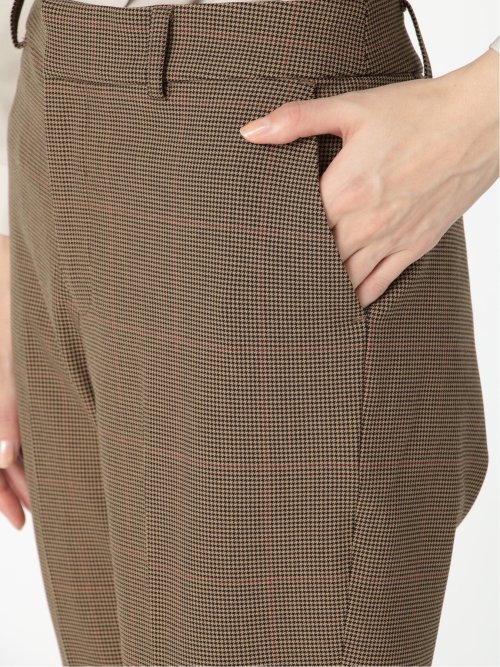 ガンクラブチェック テーパードパンツ 茶(セットアップ可能)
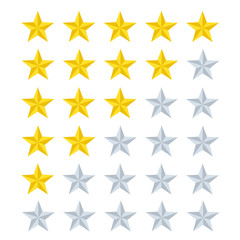 5 star rating, golden and silver. Vector illustration eps10. Isolated badge for website or app - stock infographics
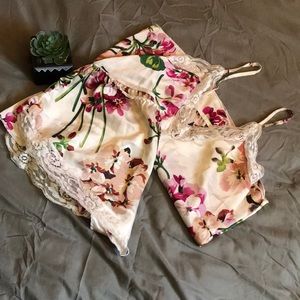 Floral Print Satin Pjs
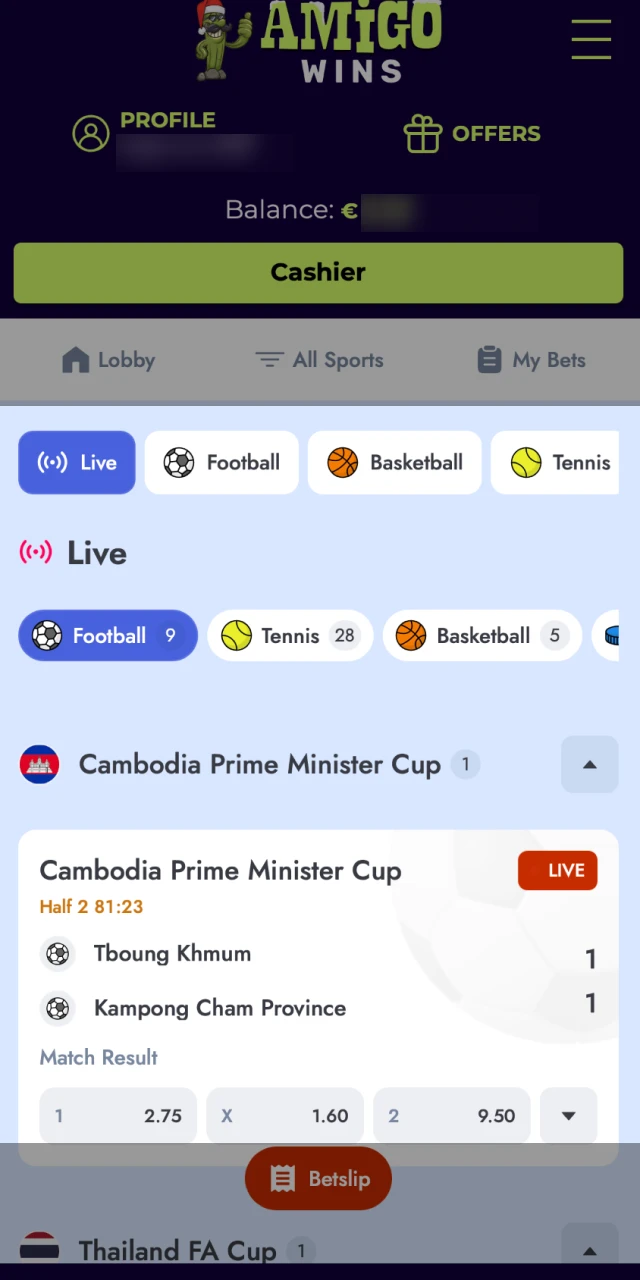Choose a sport and competition at official Amigo wins app.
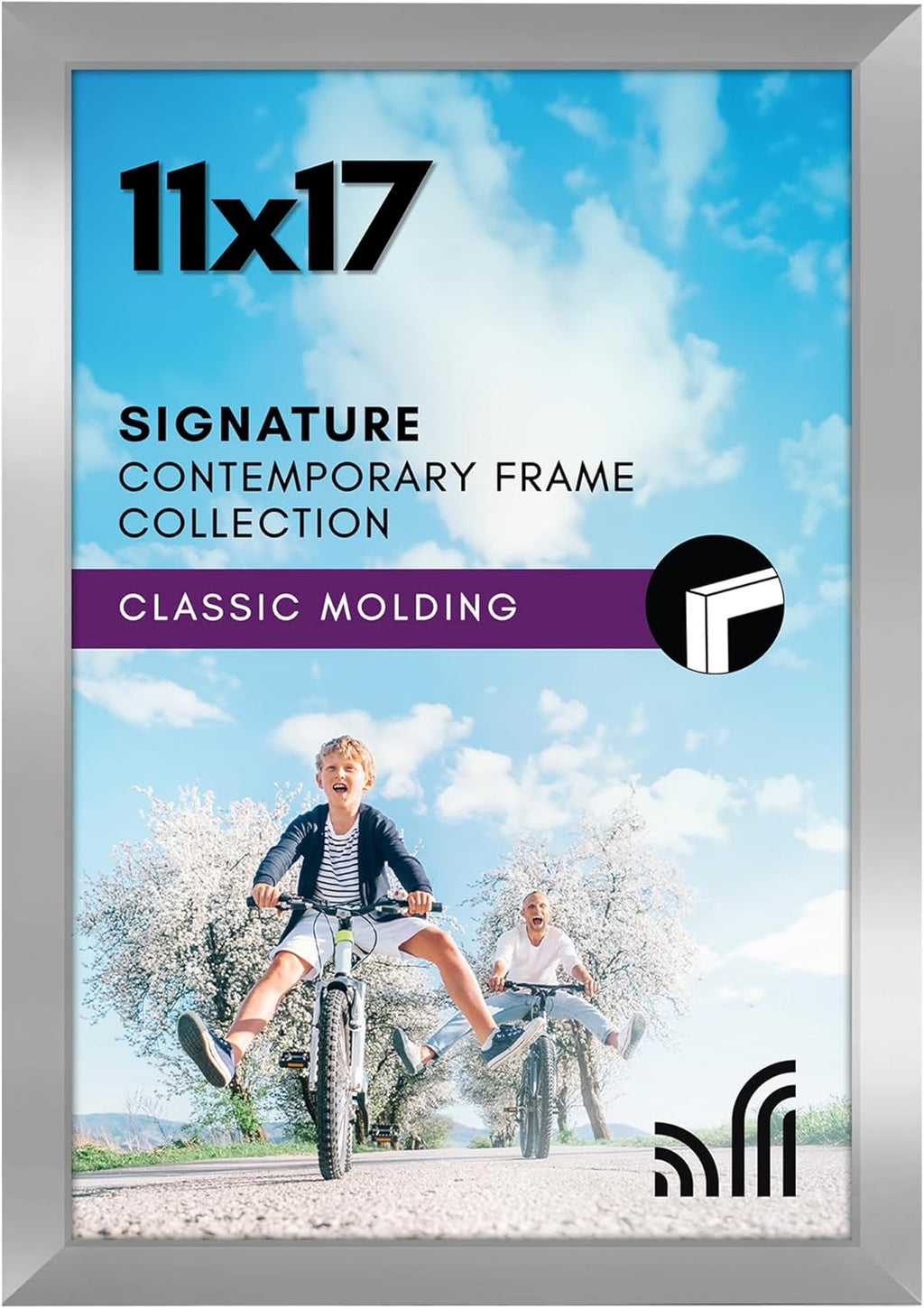 Americanflat 11x17 Picture Frame with Shatter-Resistant Glass - Signature Collection - Gallery-Style Frames Made of Engineered Wood - Photo Frame for Wall Display - Silver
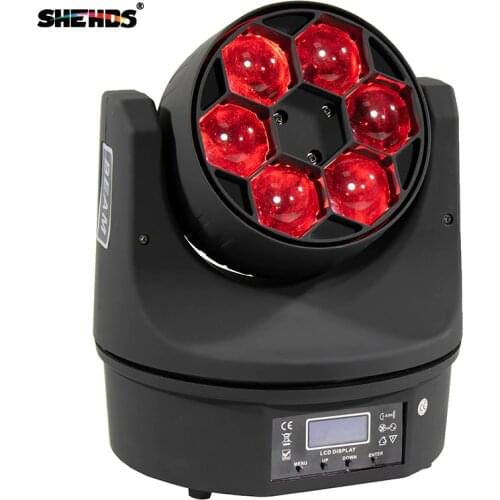 2pcs/lot LED Bee Eye 6X15W RGBW Moving Head Lighting Ultimate Rotate Stage Beam Effect Stage Euiqpment 90W High Power LED Lamp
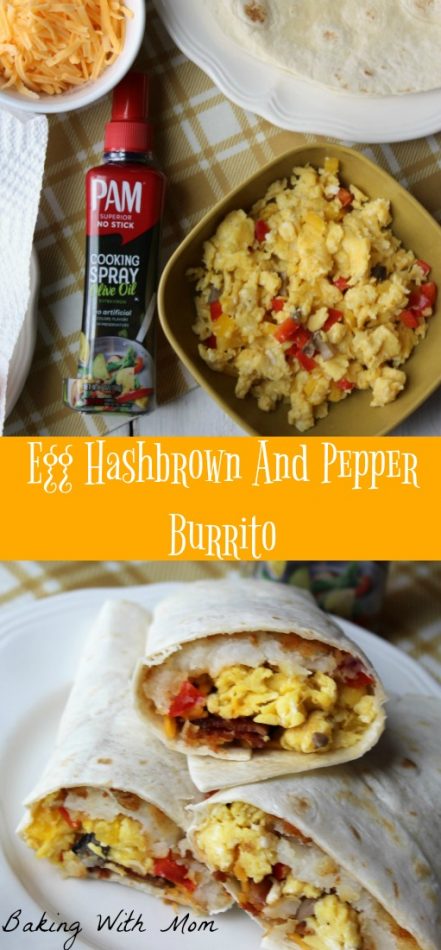 Egg Hashbrown And Pepper Burrito #ad #YouPAMDoIt #PAMInControl a breakfast recipe with peppers, mushrooms and eggs. Delicious to feed your family #breakfast #easyrecipe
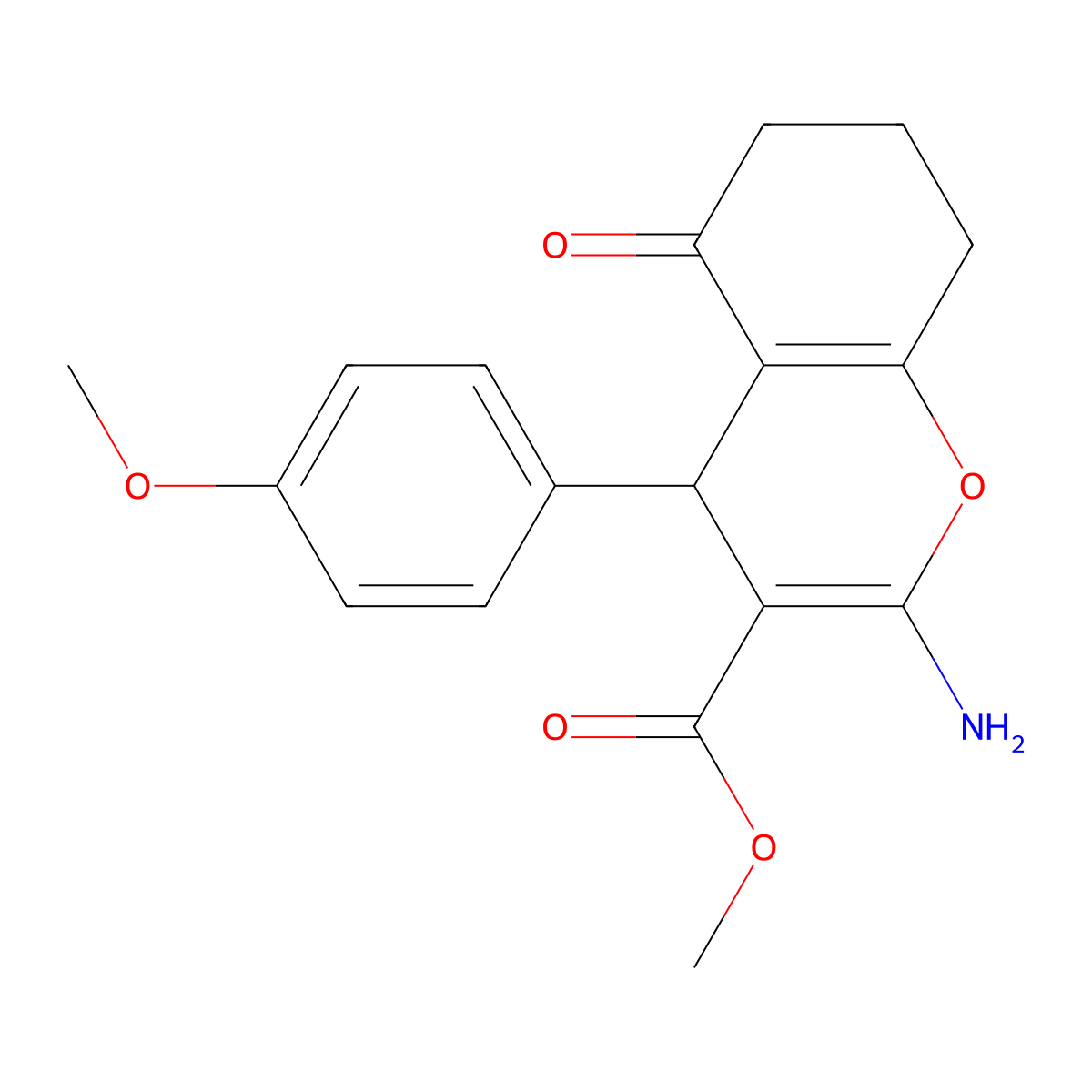 methyl 2-amino-4-(4-methoxyphenyl)-5-oxo-5,6,7,8-tetrahydro-4H-chromene-3-carboxylate molecular structure, CAS 326918-67-6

## [Requirement]
Could you repeat, exactly and with nothing added, the lines from the top of the entries above through the line that holds "Americanflat 11x17 Picture", leaving out any pictures?

## [Exercise solution]
 ガンクラブチェック テーパードパンツ 茶(セットアップ可能)
 5 star rating, golden and silver. Vector illustration eps10. Isolated badge for website or app - stock infographics
 Floral Print Satin Pjs
Choose a sport and competition at official Amigo wins app.
 Americanflat 11x17 Picture Frame with Shatter-Resistant Glass - Signature Collection - Gallery-Style Frames Made of Engineered Wood - Photo Frame for Wall Display - Silver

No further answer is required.